To Make the Filling:
Slick a 12” skillet with grapeseed oil and, over medium-high heat, begin browning the meat. Add onion and garlic and continue to cook until most of the liquid has evaporated.
Add carrots, celery, mushrooms, potato and spices, and season with a little salt and pepper. Stir mixture to evenly incorporate spices. Cook for 1-2 minutes, then turn heat down to medium and add beef stock.
Cook all ingredients until the vegetables are tender and almost all the liquid has evaporated.
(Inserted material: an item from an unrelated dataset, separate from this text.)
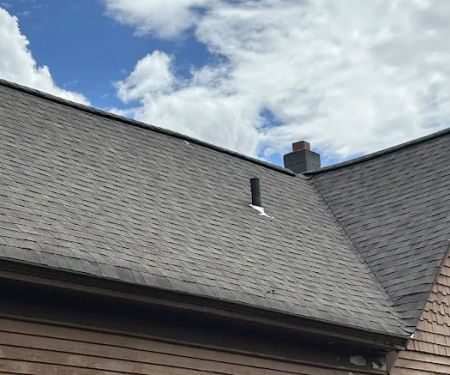 Vermont Construction Company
Stir in breadcrumbs and transfer mixture to a rimmed baking sheet to cool completely before assembling the pie.
To Make Dough and Assemble Pie:
Combine flour and salt, then, using a pastry cutter, cut in the shortening to approximately the size of peas.
Stir in orange juice using a spatula, then bring the dough together using your hands.
Turn the dough out onto a work surface and continue to work it with your hands until it just comes together. Do not overwork dough.
Divide dough into 2 equal pieces and shape into rounds. On a lightly floured surface, roll out one piece of dough until it is 1” wider than the pie dish.
Fold round of dough in half then in half again, and place centre point in pie dish and unfold. Trim edges of dough and brush with some of the beaten egg. Set aside.
Add 2 cups of the cooled filling to the pie shell.
Roll out another piece of dough the same way as the previous and place on top of the filling, trimming the edges of the dough. Pinch dough together and flute edges with fingers. Cut 4 slits in the top of the dough and brush with egg wash.
If desired, create decorations with excess dough and place on top of pie, finishing them with another brushing of egg wash.
Bake at 375°F for 30 minutes or until crust is golden brown.